People come to the class from a variety of backgrounds as well. I, the author, come from the business school, but there are representatives from many of the colleges at the University of New Hampshire.
The main discussion was proctored by Professor Möbius and was an overview on physical cosmology. Professor Möbius had a Powerpoint presentation sprinkled with amusing illustrations of his points. The presentation started out with some questions:
• How does the universe “tick?”
• What is behind the wall (the edge of our known universe)?
• Is studying our universe like the Escher painting The Gallery where we look out into the cosmos and end up staring right back at ourselves?
• How do we really study something that we are part of?
Professor Möbius continued with some problems of cosmology and a few facts as well. Cosmology, Möbius conceded, is a very “tough and unusual” for science to handle. We can not make observations on other universes because there is only one. Professor Möbius also mentioned that there is some debate as to whether there is more than one universe but it didn’t concern the class yet. What creates problems for cosmologists, as well, is that we are really restricted to our observable universe. Since light only travels so fast, and since the universe originated 13.7 billion years ago, we can only observe about 13.7 billion light years in any direction. Although that’s a long way, it may not be the edge.
However, there is a problem with thinking of the universe as being infinite. A physician named Olbers, who was a hobby-astronomer, came up with this strange paradox. If stars are evenly spaced, and the universe is infinite, then why is the night sky not filled with stars so much that it is blindingly light?
Red Shift explains that light moving away from an observer is shifted towards the red end of the visible spectrum. Edwin Hubble found that the farther away a galaxy is, the stronger the Red Shift in its spectral lines. Something interesting to note is that the Hubble theory is correct, but the constant has changed as our measuring instruments have become more precise. On a more theoretical note, if the space between us and a light emitting object is expanding so fast that the object recedes from us faster than the speed of light, we would not be able to see it.
An important observation has been that objects all around us are shifting towards red. This means that the universe is expanding. If the universe is expanding then it must have been bunched-up at one point; hence, the Big Bang theory!
Professor Möbius also discussed how we measure things in astronomy. We measure distances by measuring parallax. This can be simulated very easily be holding your thumb 6” from your face. When you open one eye at a time, your thumb shifts drastically from one side to the other. When you hold out your thumb at arm’s length, the shift is much less. This basic principle allows us to measure how far away other planets are.

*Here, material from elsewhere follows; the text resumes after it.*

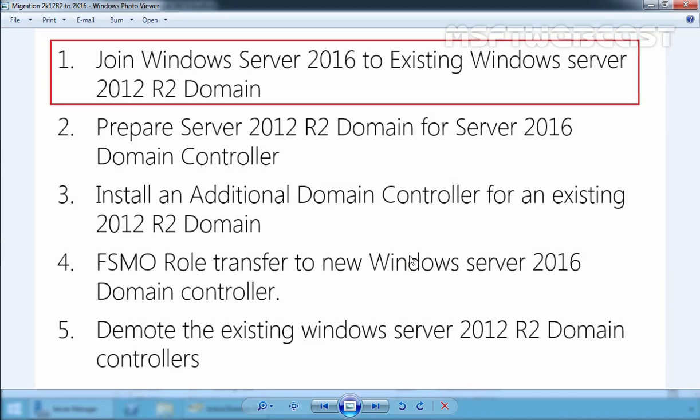This video is a continuation of our Active Directory migration series and we will be covering joining our Windows Server 2016 to a domain as a member server.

One astronomical unit is the distance from the Earth to the Sun. The closest star to us (other than the Sun) is Alpha Centauri which is four light years away! To put this all into perspective, if the sun was 6” in diameter, the earth would be the size of the head of a needle. With a 6” inch Sun in Durham NH, Alpha Centauri would be in San Francisco. Even if there are other forms of life in the cosmos, we are at the moment, very alone in space.

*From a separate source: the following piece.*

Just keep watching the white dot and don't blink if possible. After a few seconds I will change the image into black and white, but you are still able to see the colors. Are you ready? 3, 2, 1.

The general discussion for the class was very interesting. Dark Energy was brought up and we discussed that no one really knows what it is but it may have a severe impact on how our universe operates. The thought that space can expand faster than the speed of light was also discussed but many class members still did not really know what that meant by the end of class. Professor Möbius used the analogy of a balloon with two pennies attached to it. The surface of the balloon is space and when the balloon inflates the “distance” between the two points increases without them moving farther apart. How this works is out of the reach of this author’s conception.
An important distinction was discussed during the class as well. The description that Professor Möbius gave was a scientific-based description so it can’t look at things that we can’t observe. Things that function by essentially magic are only talked about outside of physical cosmology.